▸ SOURCE MATERIAL:
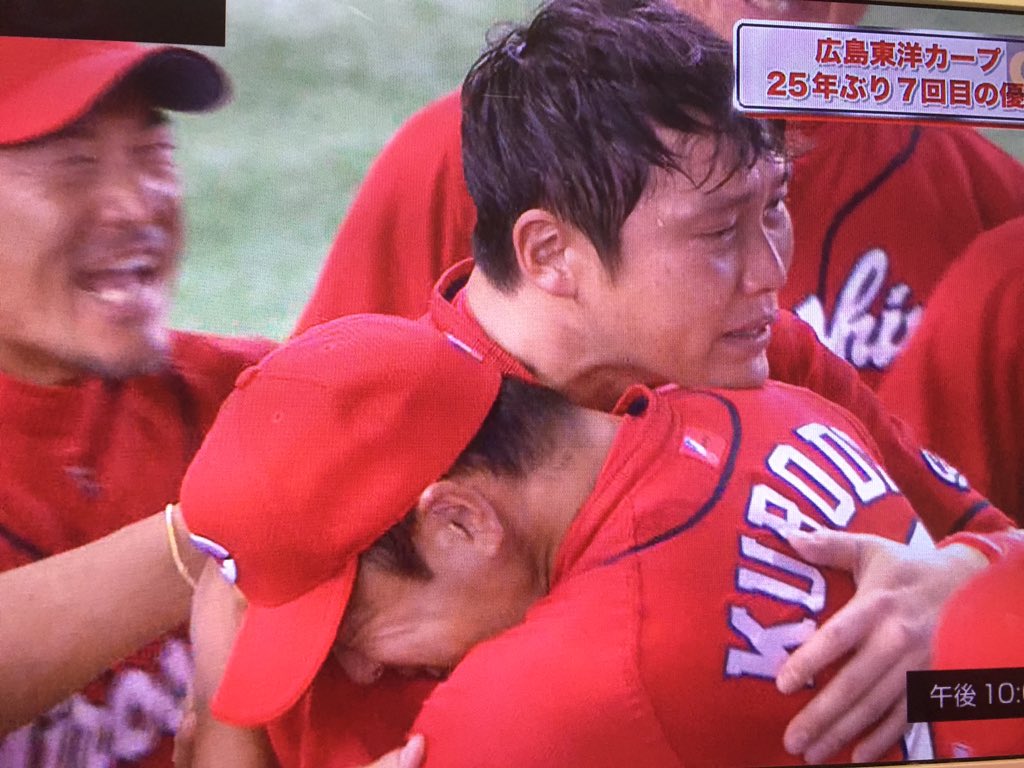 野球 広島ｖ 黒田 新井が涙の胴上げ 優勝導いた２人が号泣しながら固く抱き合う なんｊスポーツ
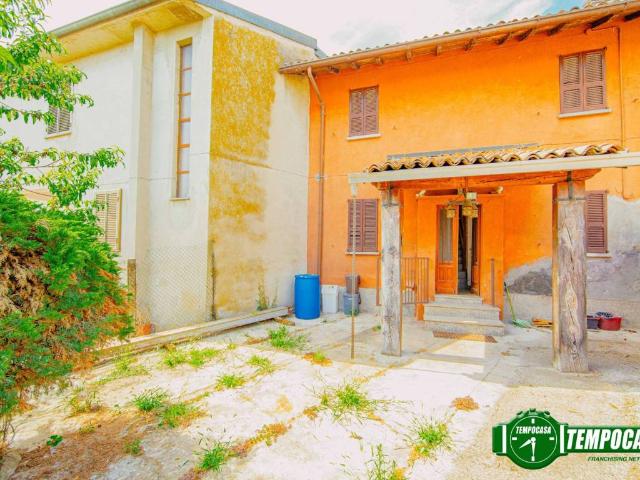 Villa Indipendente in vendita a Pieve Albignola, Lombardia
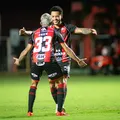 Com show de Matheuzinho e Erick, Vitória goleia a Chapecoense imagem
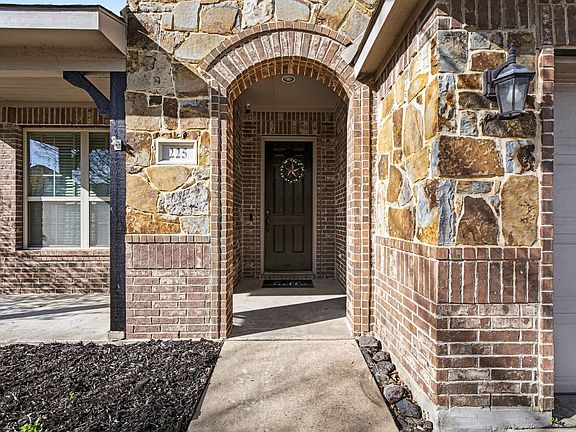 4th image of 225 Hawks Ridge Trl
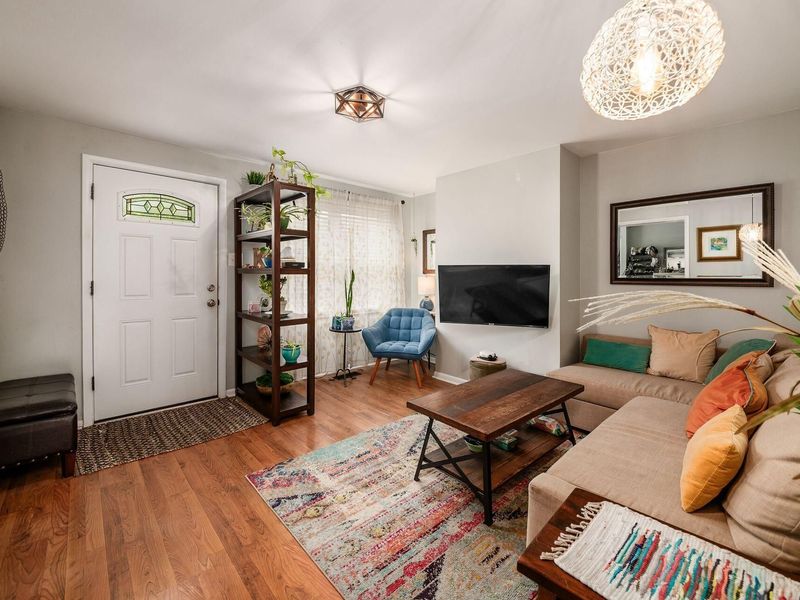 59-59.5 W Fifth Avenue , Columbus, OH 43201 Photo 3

* * *

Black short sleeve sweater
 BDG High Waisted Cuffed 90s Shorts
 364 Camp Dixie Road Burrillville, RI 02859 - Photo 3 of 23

--

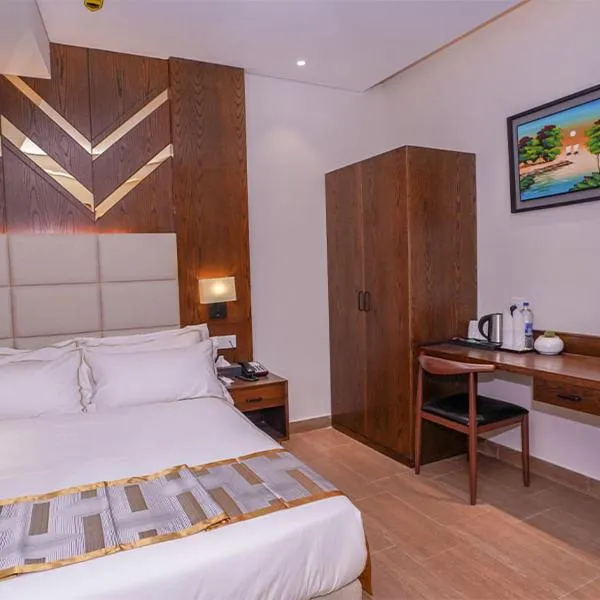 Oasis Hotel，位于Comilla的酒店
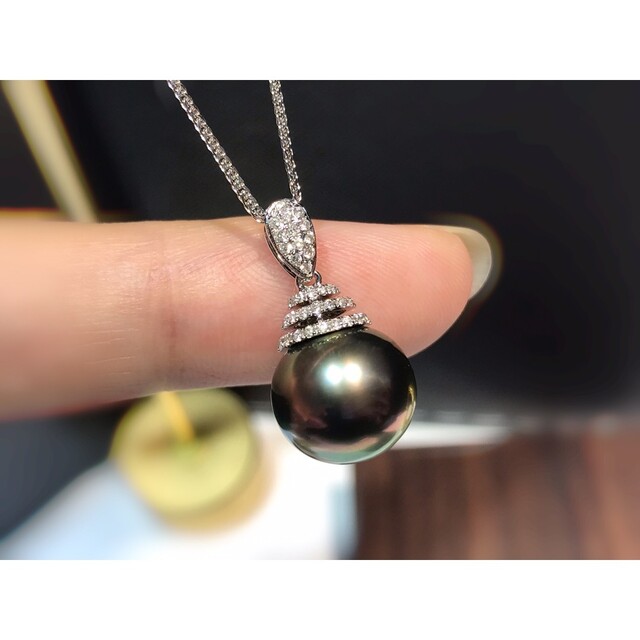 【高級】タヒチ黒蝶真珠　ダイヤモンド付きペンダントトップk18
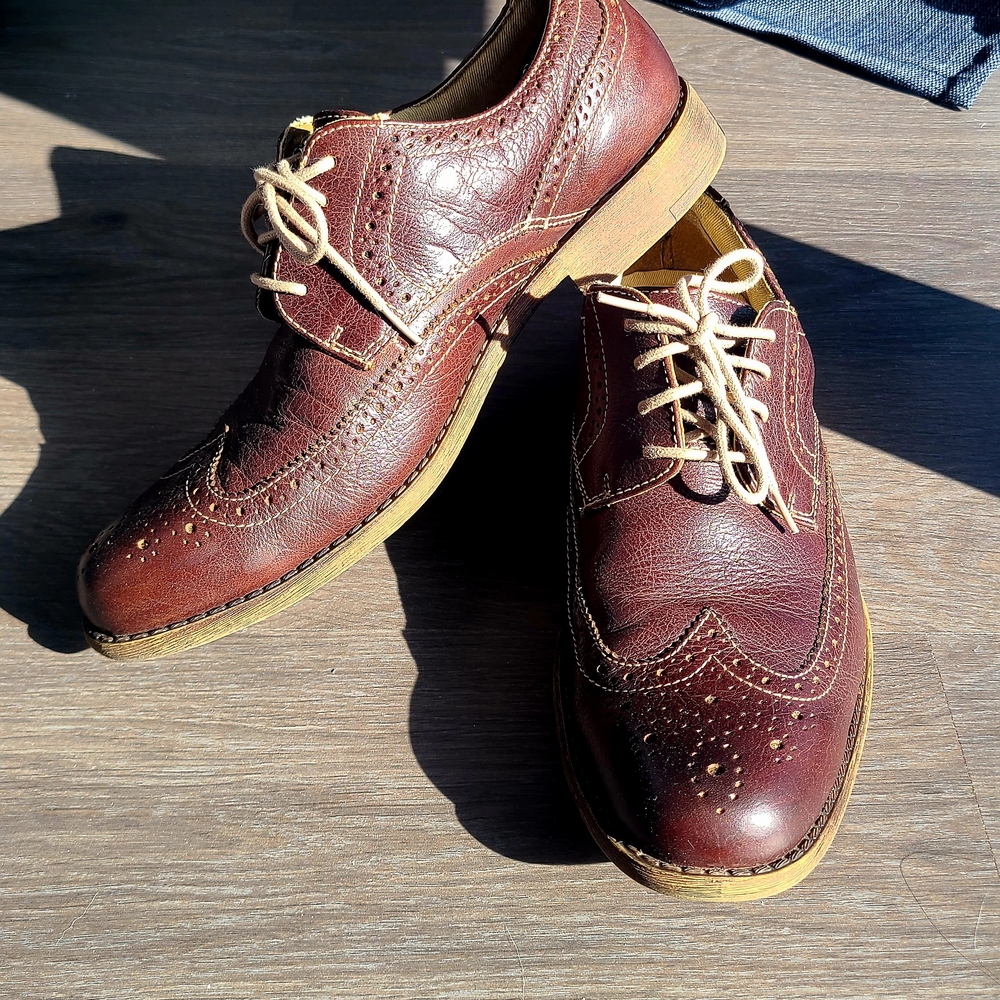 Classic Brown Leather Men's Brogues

▸ WHAT IS REQUIRED: The response must hold only the lines above from the line with "BDG High Waisted Cuffed 90s Shorts" through the line with "364 Camp Dixie", each copied exactly, both ends kept.

▸ SOLUTION TO THIS TASK:
 BDG High Waisted Cuffed 90s Shorts
 364 Camp Dixie Road Burrillville, RI 02859 - Photo 3 of 23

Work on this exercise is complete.